So, I've been measuring the value of my life by how bloggy it's been lately. Even when I was studying for the dread pirate
Bar Exam, I had stuff to say, but this long spiral into gainfully employed machinehood hasn't quite had the same effect. At one point last week, I even typed a dramatic screed against the
Oakland Public Works Agency for their preoposterous, pro-environmental policies: if your grabage doesn't fit entirely within the miniature garbage cans they've issued you, they don't take it; if your broken mop handle protrudes from the top, they take it out and leave it on the sidewalk--then challenge you to schedule an additional pick-up with them at the rate of $6 per item/bag. Can you imagine this happening in New York? One Friday night, this tyranny led me to the ignominy of having to pile trash into my car and unload it into a dumpster in an abandoned part of town. Sorry, that was screed redux.
Anyway, I haven't had a whole lot to say. Job's been okay; not much to report. I did call my boss Matt the other day, though his name's Mike. That wasn't smooth, but one of my colleagues set me at ease: "90% of the people here mispronounce your name. What's the big deal?" During my
BART commute in the morning, I've been reading
Revolutionary Road and trying to tell myself that the protagonist--a 29-year-old corporate commuter with vanquished hopes and dreams--is not the cause for the clanging in my soul.
Alas, in the absence of any other fascinating bits to share, I share
yet another sartorial question: Can I bring back velcro? Or would doing so be a gross mismeasure of footwear irony?

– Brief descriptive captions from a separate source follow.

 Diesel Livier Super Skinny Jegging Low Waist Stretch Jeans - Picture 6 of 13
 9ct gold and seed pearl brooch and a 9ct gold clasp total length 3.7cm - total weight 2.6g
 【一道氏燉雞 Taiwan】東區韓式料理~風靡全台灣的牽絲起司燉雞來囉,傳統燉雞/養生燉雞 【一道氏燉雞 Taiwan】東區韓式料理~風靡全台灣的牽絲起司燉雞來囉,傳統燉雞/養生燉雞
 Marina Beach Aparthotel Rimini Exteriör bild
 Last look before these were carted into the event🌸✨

See above.
2 comments:
i feel you, my friend. i feel you. virtually all of my conversations nowadays consist of my re-iterations of my conversations at work.
case in point -
X: i have every form of caffeine known to man on my desk and i'm still tired.

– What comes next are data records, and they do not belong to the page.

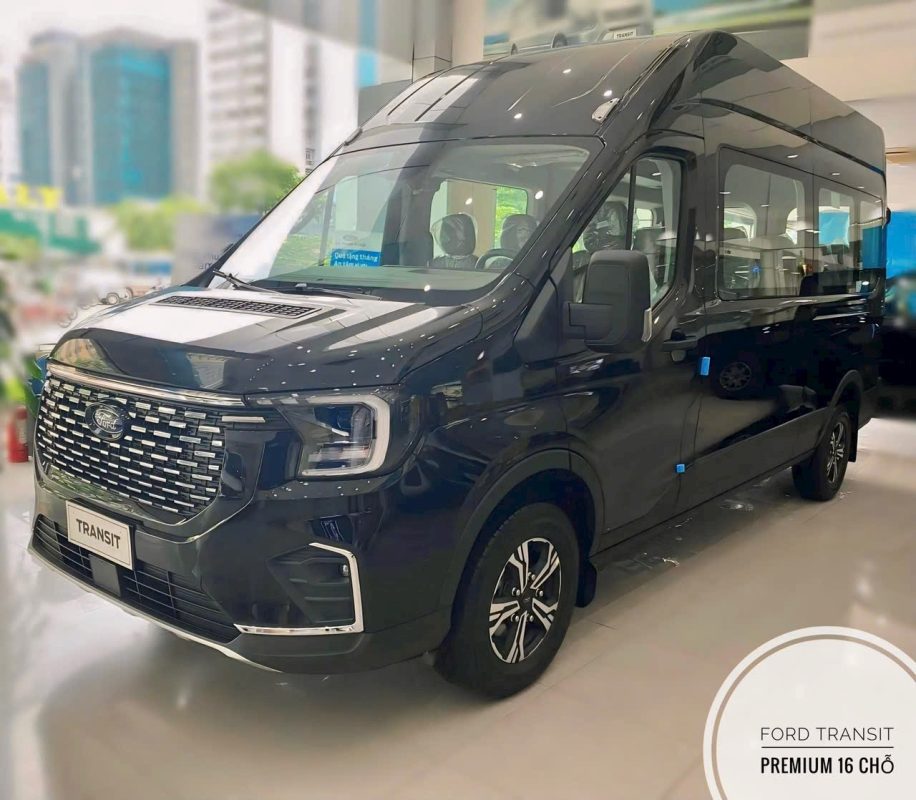 Showroom xe Gia Định Ford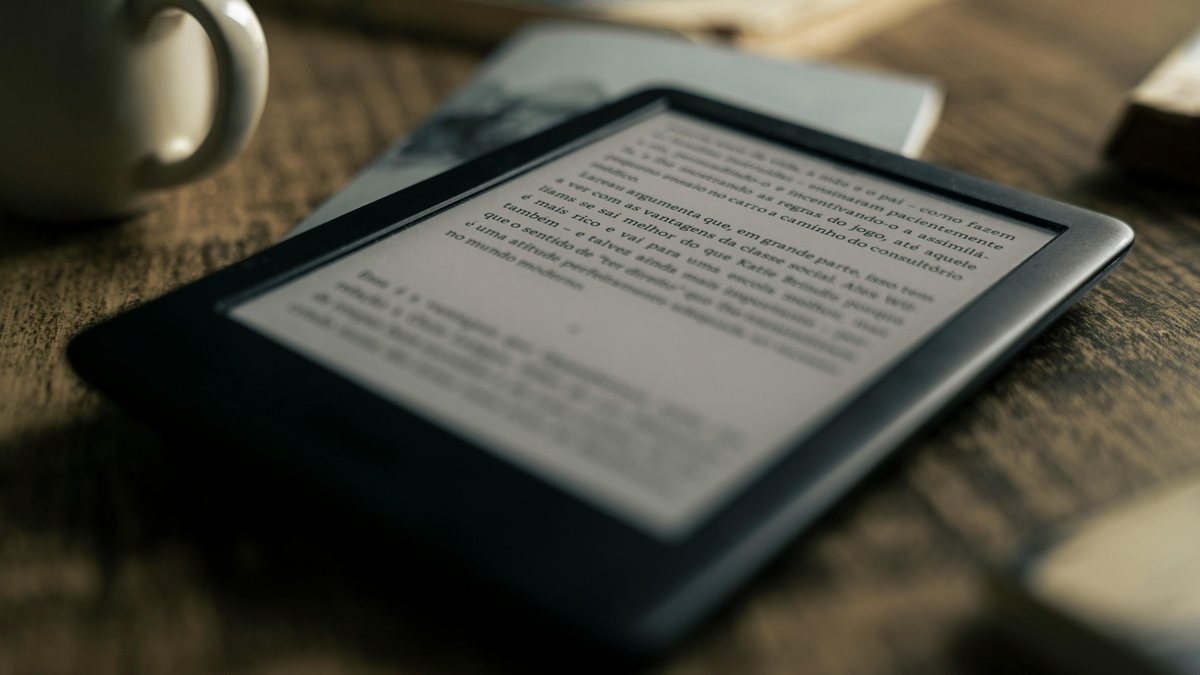 O leitor digital "Kindle", usado para leitura dos conteúdos do Kindle Unlimited - Pexels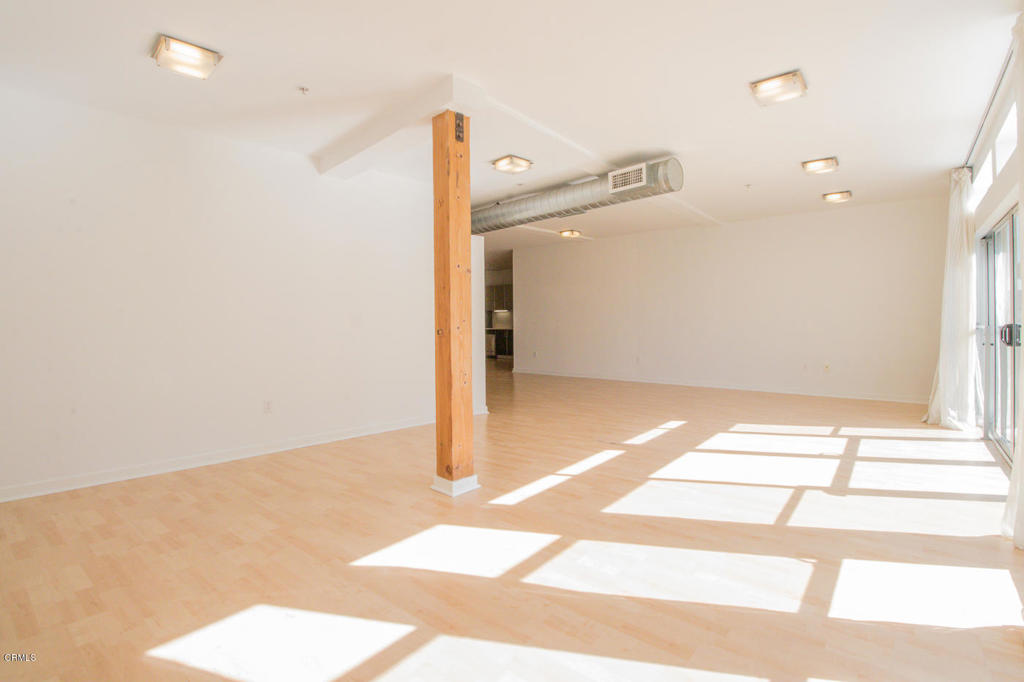 4215 Glencoe Avenue 221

me: have you tried mountain dew?
X: does that actually work?
me: yeah, it has a ton of caffeine and it tastes better than redbull.

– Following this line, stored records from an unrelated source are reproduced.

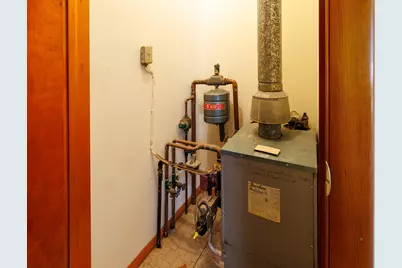 302 E Holley Drive, Kentland, IN 47951 - Photo 29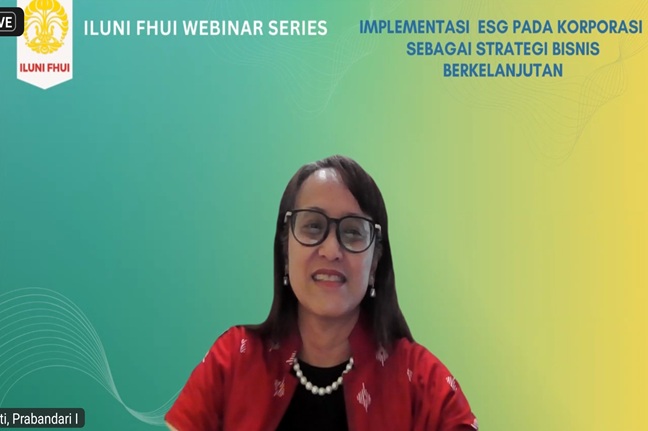 Anggota Dewan Standar Keberlanjutan Ikatan Akuntan Indonesia (DSK IAI), Prabandari Murti dalam Webinar Series Ikatan Alumni Fakultas Hukum Universitas Indonesia (ILUNI FHUI), Kamis (13/3/2025). Foto: Tangkapan layar zoom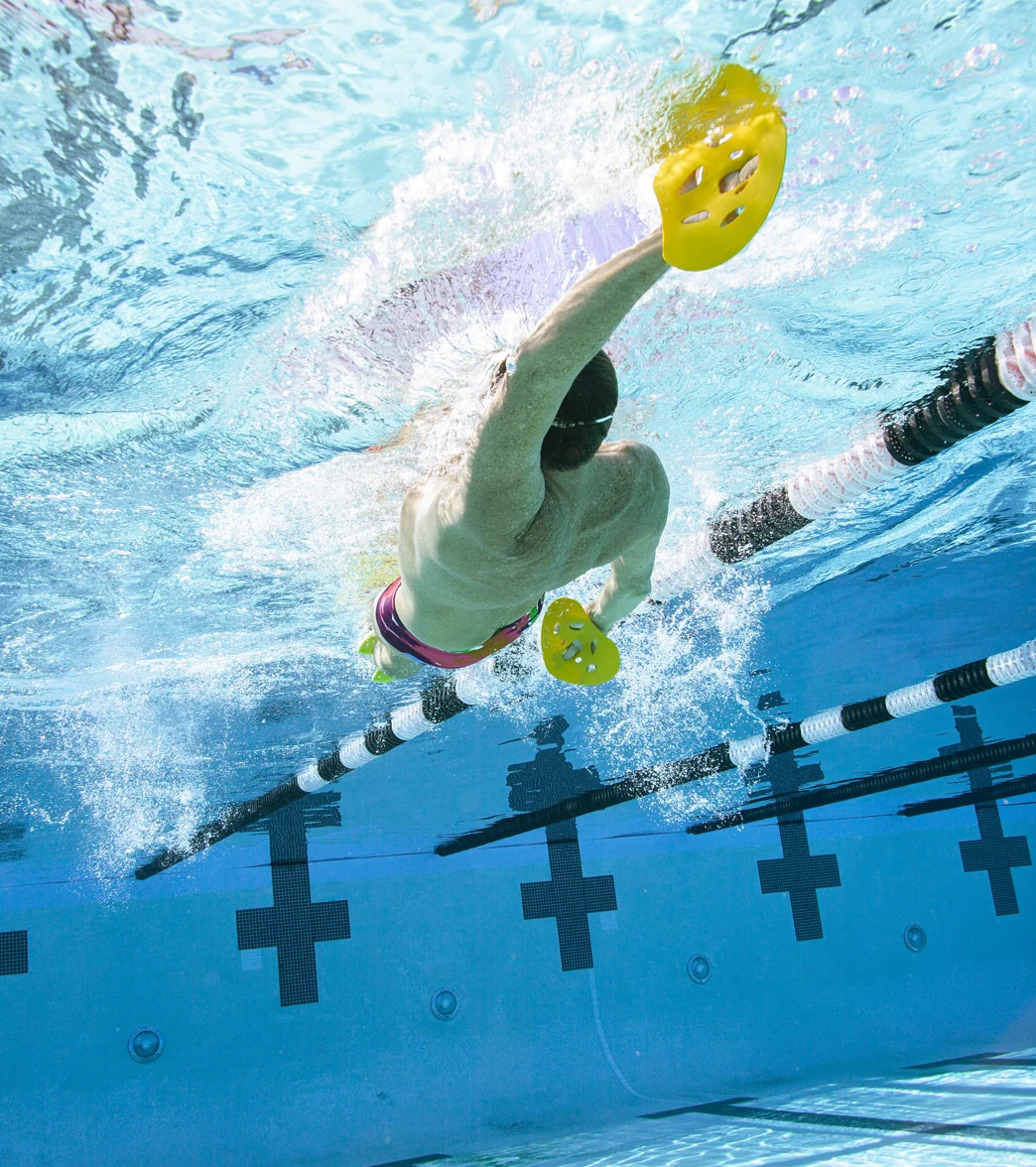FINIS Manta Swim Paddles - Image 10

X: oh...so that's why Y always drinks it. does diet still have the same effect?
me: yeah, regular is too sweet.
X: i'll have to try it then.
sure enough, i saw a bottle of diet mountain dew on X's desk 2 days later. and these amazing stories just don't end.
anyway, i hate shoelaces and the tyranny they impose on my time and my hands. you've got my blessing to go velcro.
and btw, seoul has very strict trash laws. you can only buy designated, city-issued bags and if you don't put your trash in those, they don't collect it and you're fined (i think i'm right on that last part). anyway, i think it's a good idea. i think people will think twice about throwing everything away if they had to pay for it - not only to purchase the item in the first place, then to discard it, too.